Thanks for the explanation! It makes sense. I was just wondering though -- why is it necessary for generate_block / decode_instruction to be called on the fly, instead of as a pre-compilation step? I guess you need some sort of runtime information for the compilation?

reginaldo · on March 31, 2012

What you're looking for is called static recompilation. It's what Emscripten [1] does, it statically recompiles LLVM bitcode to javascript. Emscripten is a wonderful project, by the way. After compiling from LLVM to Javascript, it applies an algorithm (relooper) to the "intermediate" javascript code whose result is code that resembles the structure of the original code so that, for instance, if the original code has a loop, the final javascript code will also have a loop. It is a true gem, and it's part of what makes Emscripten so awesome and fast.

I believe I could do static recompilation for programs that run on a barebones environment and do not employ self modifying code.

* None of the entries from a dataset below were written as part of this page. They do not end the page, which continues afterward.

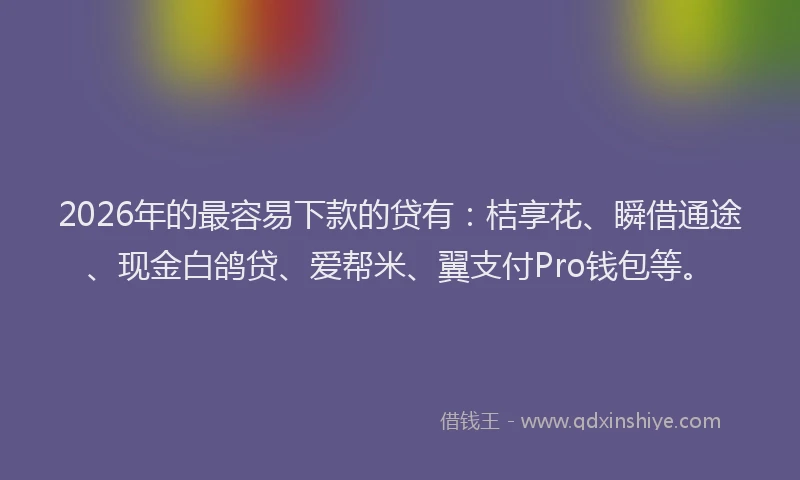 2026年的最容易下款的贷有：桔享花、瞬借通途、现金白鸽贷、爱帮米、翼支付Pro钱包等。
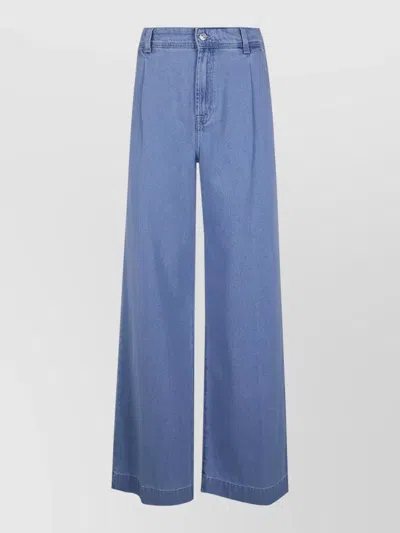 7 For All Mankind Pleated Wide Leg Denim Trousers
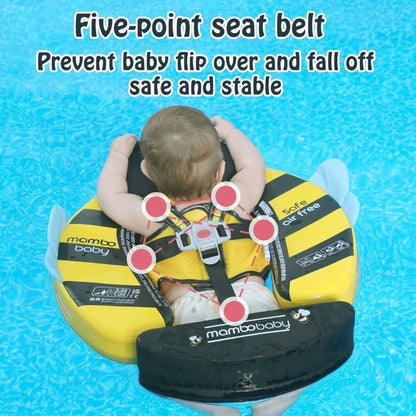 Flotador bebé sin aire Mambobaby™ Abeja – Ayuda de natación con cinturón de cinco puntos, bebé sujeto en abeja amarilla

The more general problem of finding all executable code in a blob of arbitrary binary data (which I would have to solve if I wanted to run an arbitrary program unmodified, which I do), is equivalent to the Halting Problem, so that is a no go. This means that, to have a general solution, a hybrid approach of static and dynamic recompilation would have to be employed.

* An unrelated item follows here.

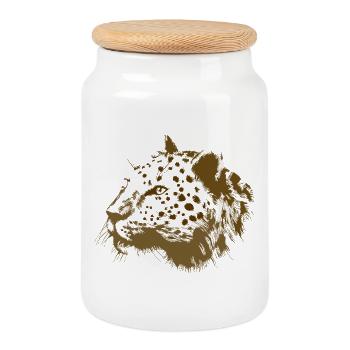 Animal lion head in digital style - Cookie Jar with Wooden Lid - white - Front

For well behaved programs, code generation on the fly does not pose a significant overhead (that's what the profiler tells, if I recall correctly), so I'm not sure the hybrid approach is worth its weight in complexity.

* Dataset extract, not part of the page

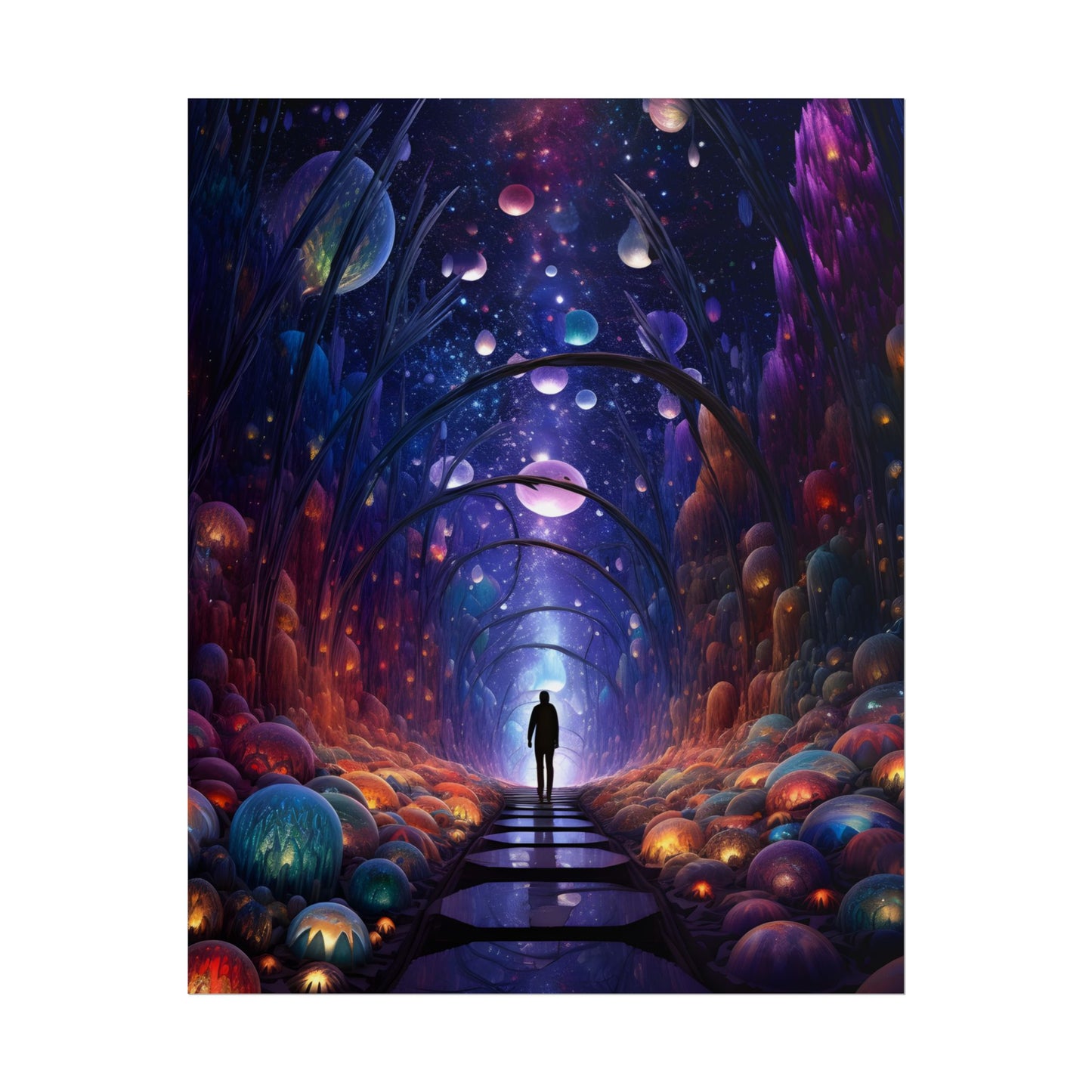 Celestial Art Gallery: Indoor Space with Starry Canvas - Poster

Besides, I don't know if I'd be able to run a full OS, though, because those need interrupts (in my case, currently there's a timer tick and the UART interrupt when input is entered through the keyboard), and I haven't thought about handling that.

[1] https://github.com/kripken/emscripten

int3 · on April 2, 2012

Yup, I'm aware of Emscripten, which was part of the reason behind my question. I hadn't considered the issue of lack of code / data separation when dealing with pure binary code.

I'm actually working on a JVM interpreter in Coffeescript now, so this topic is particularly interesting to me. Thanks again for taking the time to explain things.